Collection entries

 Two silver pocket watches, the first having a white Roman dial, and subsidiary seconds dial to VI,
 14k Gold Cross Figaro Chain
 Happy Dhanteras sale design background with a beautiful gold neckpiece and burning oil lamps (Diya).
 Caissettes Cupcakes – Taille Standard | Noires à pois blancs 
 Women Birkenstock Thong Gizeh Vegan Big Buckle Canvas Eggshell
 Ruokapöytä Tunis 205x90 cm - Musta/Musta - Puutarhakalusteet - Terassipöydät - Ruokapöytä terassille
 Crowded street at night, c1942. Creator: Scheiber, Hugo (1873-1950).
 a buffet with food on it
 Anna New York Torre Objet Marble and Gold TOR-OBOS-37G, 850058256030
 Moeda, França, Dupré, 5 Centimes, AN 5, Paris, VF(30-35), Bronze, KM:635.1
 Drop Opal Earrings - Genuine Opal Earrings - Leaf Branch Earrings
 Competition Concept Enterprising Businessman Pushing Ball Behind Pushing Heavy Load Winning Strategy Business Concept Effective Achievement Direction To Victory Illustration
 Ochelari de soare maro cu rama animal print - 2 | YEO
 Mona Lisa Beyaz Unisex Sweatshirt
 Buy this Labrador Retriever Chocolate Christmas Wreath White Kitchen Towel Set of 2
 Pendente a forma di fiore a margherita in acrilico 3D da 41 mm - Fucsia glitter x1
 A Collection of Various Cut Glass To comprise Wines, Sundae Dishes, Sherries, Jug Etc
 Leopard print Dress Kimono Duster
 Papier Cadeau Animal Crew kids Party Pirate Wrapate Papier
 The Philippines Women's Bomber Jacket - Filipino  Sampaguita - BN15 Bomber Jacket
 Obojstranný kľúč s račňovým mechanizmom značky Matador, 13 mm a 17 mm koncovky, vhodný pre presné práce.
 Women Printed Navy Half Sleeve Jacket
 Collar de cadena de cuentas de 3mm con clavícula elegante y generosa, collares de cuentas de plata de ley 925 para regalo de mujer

◆ Your task ◆
The expected answer is an exact copy of the lines above, beginning at the line with "Happy Dhanteras sale" and ending at the line with "Papier Cadeau Animal", with both ends in.

◆ Task answer ◆
 Happy Dhanteras sale design background with a beautiful gold neckpiece and burning oil lamps (Diya).
 Caissettes Cupcakes – Taille Standard | Noires à pois blancs 
 Women Birkenstock Thong Gizeh Vegan Big Buckle Canvas Eggshell
 Ruokapöytä Tunis 205x90 cm - Musta/Musta - Puutarhakalusteet - Terassipöydät - Ruokapöytä terassille
 Crowded street at night, c1942. Creator: Scheiber, Hugo (1873-1950).
 a buffet with food on it
 Anna New York Torre Objet Marble and Gold TOR-OBOS-37G, 850058256030
 Moeda, França, Dupré, 5 Centimes, AN 5, Paris, VF(30-35), Bronze, KM:635.1
 Drop Opal Earrings - Genuine Opal Earrings - Leaf Branch Earrings
 Competition Concept Enterprising Businessman Pushing Ball Behind Pushing Heavy Load Winning Strategy Business Concept Effective Achievement Direction To Victory Illustration
 Ochelari de soare maro cu rama animal print - 2 | YEO
 Mona Lisa Beyaz Unisex Sweatshirt
 Buy this Labrador Retriever Chocolate Christmas Wreath White Kitchen Towel Set of 2
 Pendente a forma di fiore a margherita in acrilico 3D da 41 mm - Fucsia glitter x1
 A Collection of Various Cut Glass To comprise Wines, Sundae Dishes, Sherries, Jug Etc
 Leopard print Dress Kimono Duster
 Papier Cadeau Animal Crew kids Party Pirate Wrapate Papier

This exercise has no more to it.